The tour was of major significance in terms of U.S. involvement in Asia. The United States’ two security priorities are Russia, which opposes it on the Ukraine issue, and the Middle East. I’d hesitate to say that Asia is an urgent issue. Because of this, it was important that the tour offered Trump and his aides the chance to feel for themselves the future importance of Asia.
In Japan, Trump first visited the U.S. Yokota Air Base.
He must have recognized the strong presence of the Japan-based U.S. military in East Asia and the firmness of the Japan-U.S. alliance. With North Korea’s nuclear warheads and intercontinental ballistic missiles approaching actual deployment capability, it is obvious but also very significant that he and Prime Minister Shinzo Abe mutually recognized that the situation is approaching the stage where maximum pressure is required to really bring [development] to a halt.
For the United States, I think Japan plays a role similar to that of Britain in Europe, and China is like the former Soviet Union.
However, one aspect is different: While the Soviet Union prioritized the military, China is a major power both economically and militarily. It is not an easy opponent. Chinese President Xi Jinping’s invitation to Trump to visit the Forbidden City was reminiscent of the behavior of an emperor. Trump may not agree with Xi’s values, but it is possible he was impressed by his style of governance.

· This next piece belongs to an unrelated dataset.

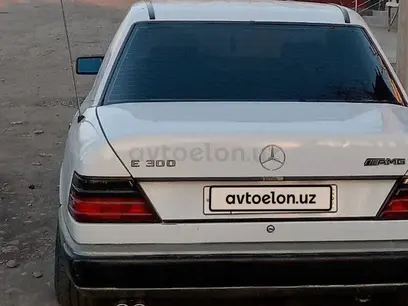 Белый Mercedes-Benz E 230 1988 года, КПП Механика, в Андижан за 4 000 y.e. id4998058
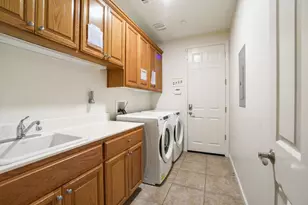 2272 Star Lilly Ct, Brentwood, CA 94513 - Photo 26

Traveling through Japan, China and South Korea, Trump likely saw that the position of each country differs even on the single issue of North Korea, and that the issue is not easy to address. It is impossible to formulate and implement a plan to deal with the Korean Peninsula problem without considering China’s strategy.
In a press announcement after the U.S.-China summit, Xi said, “The Pacific is large enough to accommodate both the United States and China,” and raised the possibility of a “G-2 concept” that includes the United States and China. Although this was a natural statement for China to make, steadily implementing such a strategy would diminish the prestige of the United States in the Asia-Pacific region and also harm U.S. national interests.
It must be acknowledged that the Trump administration’s Indo-Pacific strategy is still short on specifics. I would like the United States to first review future changes in the military balance and trends in China before coming up with its Asia policy.
Japan should strengthen talks with the United States on China to develop a shared view on the country. Additionally, Japan must take the necessary steps to ensure the stability of the Asia-Pacific region and that the United States play its role properly.
To increase the deterrence power of the Japan-U.S. alliance, Japan must raise its defense budget that, in turn, requires open domestic discussions about such matters as constitutional amendments, the nuclear issue, energy and cyber issues.
Kato joined the Foreign Ministry in 1965. After working as director general of the Asian Affairs Bureau, senior deputy minister and other posts, he served as the ambassador to the United States from October 2001 to June 2008. After retirement, he served as a commissioner of the Nippon Professional Baseball Organization. He is 76.
(This interview was conducted by Yomiuri Shimbun Senior Writer Tatsuya Fukumoto.)